Politische Beobachter sehen in Trumps Äußerungen auch den Versuch, Europa zu spalten. Denn er lobte Angela Merkel als eine der wichtigsten Regierungschefs, um dann hinzuzufügen, dass die EU im Prinzip ein Mittel zum Zweck für Deutschland sei. Und dass der Brexit richtig sei. Die Kanzlerin reagierte betont gelassen, stellte aber gleich klar, dass die Europäer ihr Schicksal selbst in der Hand hätten. Sie werde sich für eine enge Zusammenarbeit der 27 EU-Staaten einsetzen. Lange hatte Berlin – wie die meisten anderen europäischen Regierungen auch – auf Trumps Konkurrentin, Hillary Clinton, gesetzt. Clinton wäre die personifizierte Berechenbarkeit für Europa gewesen. Trump ist nun das Gegenteil.
Dadurch kommt nicht nur die Politik ins Schwitzen. Die deutsche Wirtschaft exportiert für knapp 114 Milliarden Euro Waren in die USA (im Jahr 2015), 640 000 Menschen sind bei deutschen Firmen beschäftigt. Von daher hoffen die deutschen Unternehmen auf Verlässlichkeit und Kontinuität, auch wenn Trump schon 35 Prozent Steuern angekündigt hat für Autos, die in Mexiko für den US-Markt produziert werden. BMW baut dort gerade ein Werk auf.
Ende der Schutzmacht
In einer Allensbach-Umfrage im Auftrag der Zeitschrift Capital und der FAZ sagen 96 Prozent der deutschen Top-Entscheider aus Politik, Wirtschaft und Verwaltung, sie sähen die beginnende US-Präsidentschaft Trumps mit Sorge.
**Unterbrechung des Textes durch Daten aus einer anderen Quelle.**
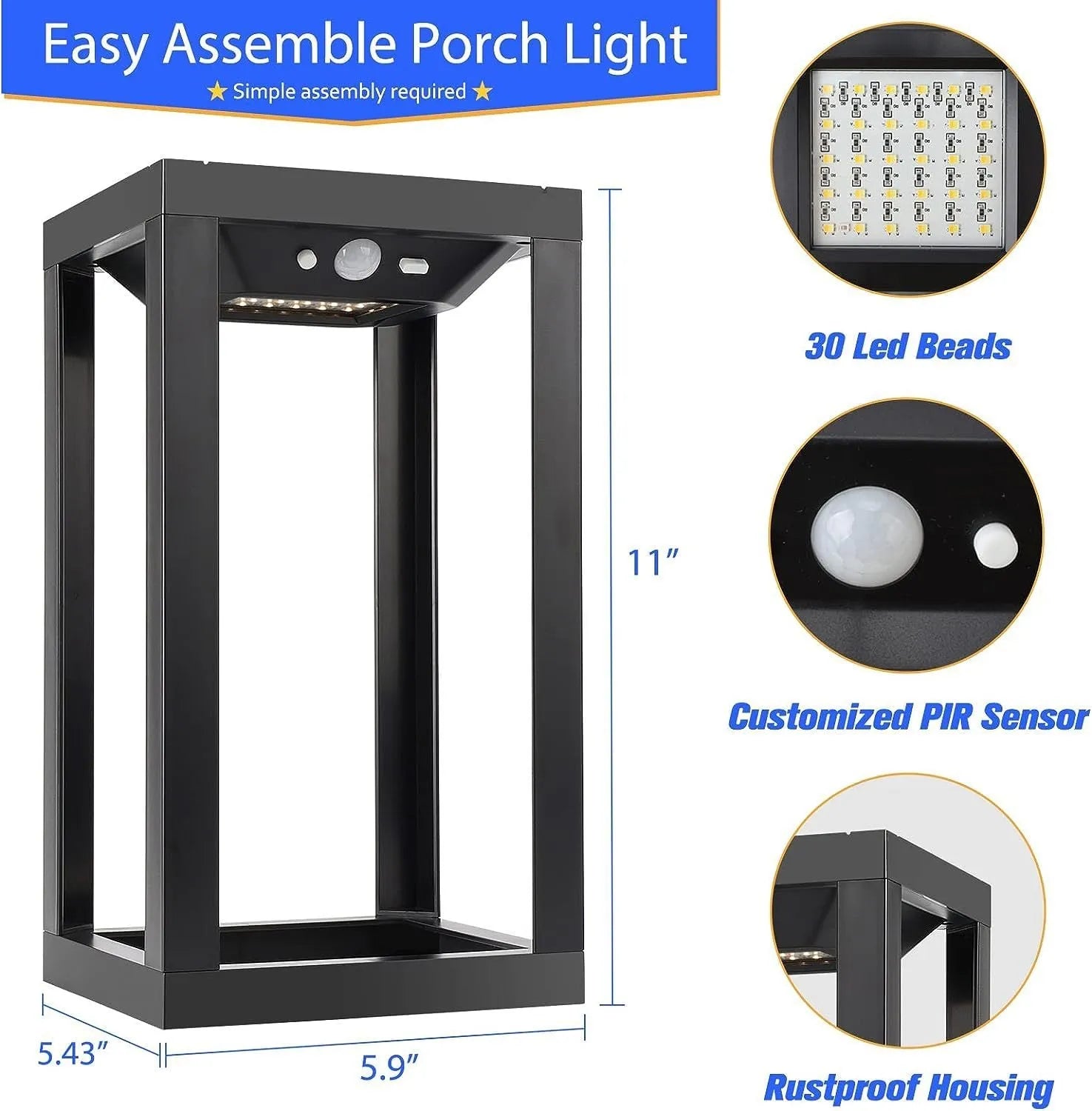 Chinese style solar-powered outdoor wall lamp with plastic housing for garden courtyard lighting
Fest steht bereits, dass Europa sich darauf einstellen muss, mehr als bisher für die eigene Sicherheit zu zahlen. Allerdings hatte auch Obama den Europäern mehr Geld für die Nato abverlangt. Trump ist zu außenpolitischem Engagement bereit, wenn Amerika dabei gewinnt. „Schauen Sie, ich bin kein Politiker“, hat er der „Bild“-Zeitung gesagt. Er sei vielmehr ein „Deal Maker“, sagt Roderich Kiesewetter, Außenexperte der CDU.
Deshalb haben Außenpolitiker in Berlin auch Angst, dass Trump dem von ihm verehrten russischen Präsidenten Putin zu sehr entgegenkommen könnte. Dass Trump Zugeständnisse an russisches Imperialstreben machen könnte, ist das Horrorszenario schlechthin für die deutsche Außenpolitik. Und auch die erste Reaktion gibt es unter von Putin, der Trumps Einschätzung der Nato als „Überbleibsel“zustimmte, lässt nichts Gutes ahnen.
Das Verhältnis zu Kanzlerin Angela Merkel (CDU) dürfte auch eher schwierig werden. Im Wahlkampf hatte Donald Trump Merkel für „geisteskrank“erklärt. In dem Interview in dieser Woche gab er sich zurückhaltender, aber kritisch. Sie habe einen katastrophalen Fehler in der Flüchtlingspolitik gemacht. Aber er respektiere sie und möge sie.
Am Rande der Höflichkeit
Von Merkel gibt es bis jetzt keine Sympathiebekundungen. Sie hat ihre Höflichkeit auf das Notwendigste beschränkt, als sie Trump in ihrer Gratulation zur Wahl indirekt zur Einhaltung demokratischer Grundwerte aufforderte. „Auf der Basis dieser Werte biete ich dem künftigen Präsidenten der Vereinigten Staaten von Amerika, Donald Trump, eine enge Zusammenarbeit an“, sagte Merkel. Das wurde von vielen Beobachtern in Berlin als unglaublich empfunden. Merkel ermahnt den zukünftigen Präsidenten jener Nation, die über Jahrzehnte für Frieden und Freiheit in der westlichen Welt stand, zur Einhaltung der Werte.
Spätestens beim G20-Gipfel in Hamburg im Juli dieses Jahres wird sie wohl Trump treffen. Die Kanzlerin bemüht sich jedoch darum, schon früher einen Termin zu bekommen.